Hoyle, William (DNB00)
HOYLE, WILLIAM (1831–1886), temperance reformer, fourth child of poor parents, was born in the valley of Rossendale, Lancashire, in 1831. By constant and severe labour he succeeded in 1851 in starting a business as a cotton-spinner in partnership with his father at Brooksbottom, near Bury, Lancashire. In 1859 he married, and removed to Tottington, where a large mill was built. He died on 26 Feb. 1886.
On reaching an independent position Hoyle threw himself with great energy into the temperance movement. In 1869 he published a pamphlet by 'A Cotton Manufacturer,' entitled 'An Inquiry into the long-continued Depression in the Cotton Trade,' which, revised and enlarged into a book, was published in 1871 as 'Our National Resources, and how they are wasted,' 8vo.
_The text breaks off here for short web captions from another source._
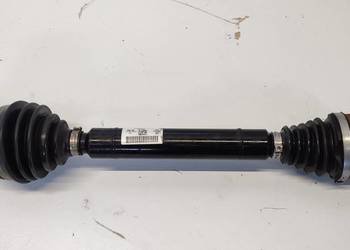 VW TIGUAN II PÓŁOŚ PRAWA 3Q0407272BB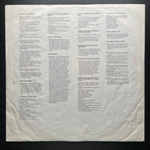 Manowar ‎– Kings Of Metal (Германия 1988г.)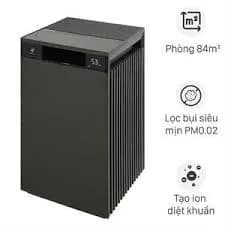 So sánh giá Máy lọc không khí Sharp FX-S120V-W 72W rẻ nhất? - Ảnh 15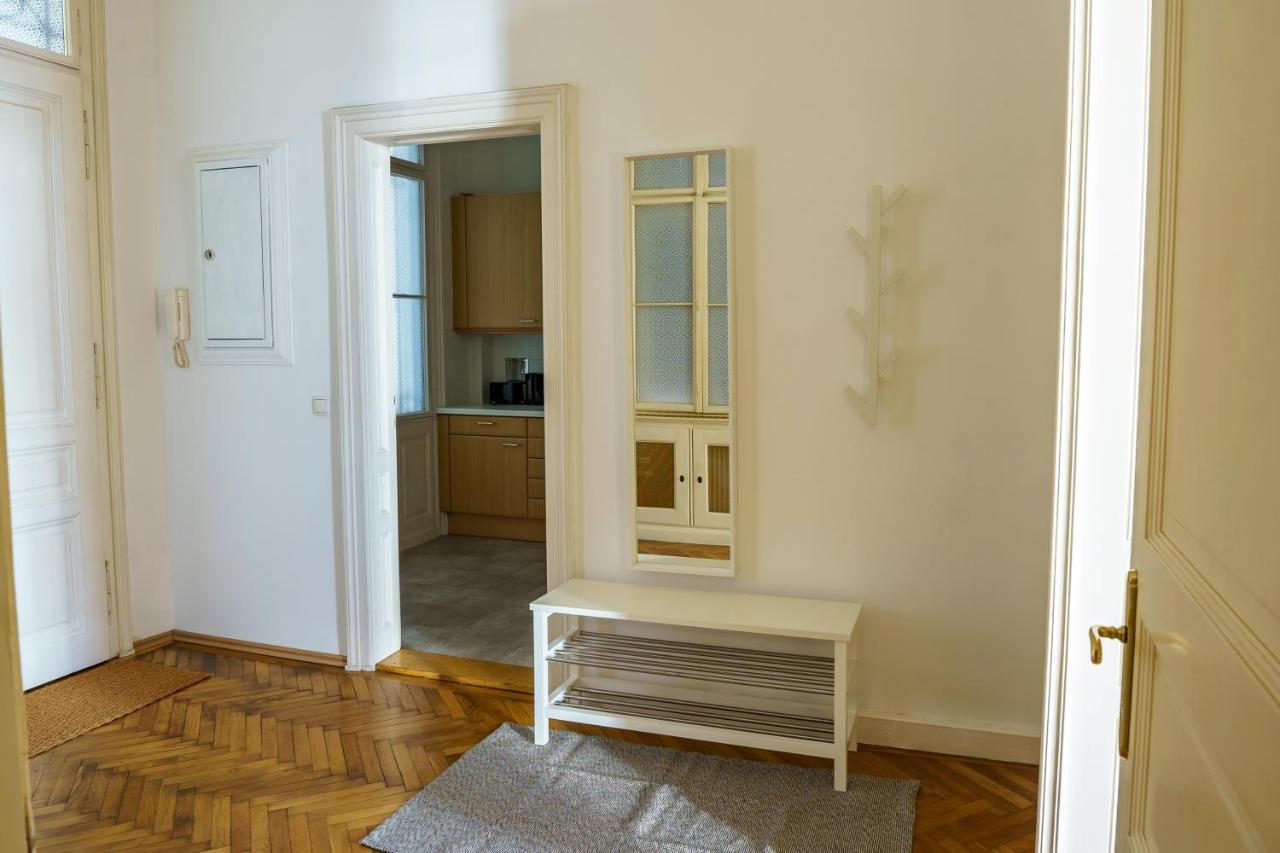 Vienna City Apartments 1060 Vienne Extérieur photo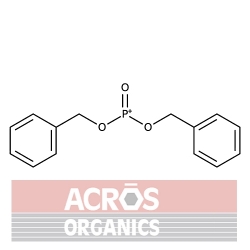 Fosforyn dibenzylu, 95% [17176-77-1]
This volume made Hoyle at once a recognised authority on the statistics of the drink question. He followed it up by many short publications, and by an annual letter to the 'Times' on the 'drink bill' of successive years. In 1876 appeared 'Crime in England and Wales in the Nineteenth Century.' Hoyle was an ardent supporter of the policy and proceedings of the United Kingdom Alliance, and interested himself also in the introduction into England of Good Templarism. In connection with these organisations he wrote many pamphlets and letters. His 'Hymns and Songs for Temperance Societies and Bands of Hope' have had a large circulation.
[Manchester Guardian, 1 March 1886, p. 8; Ch. of Engl. Temperance Chron. 6 March 1886; Temperance Record, 4 March 1886.]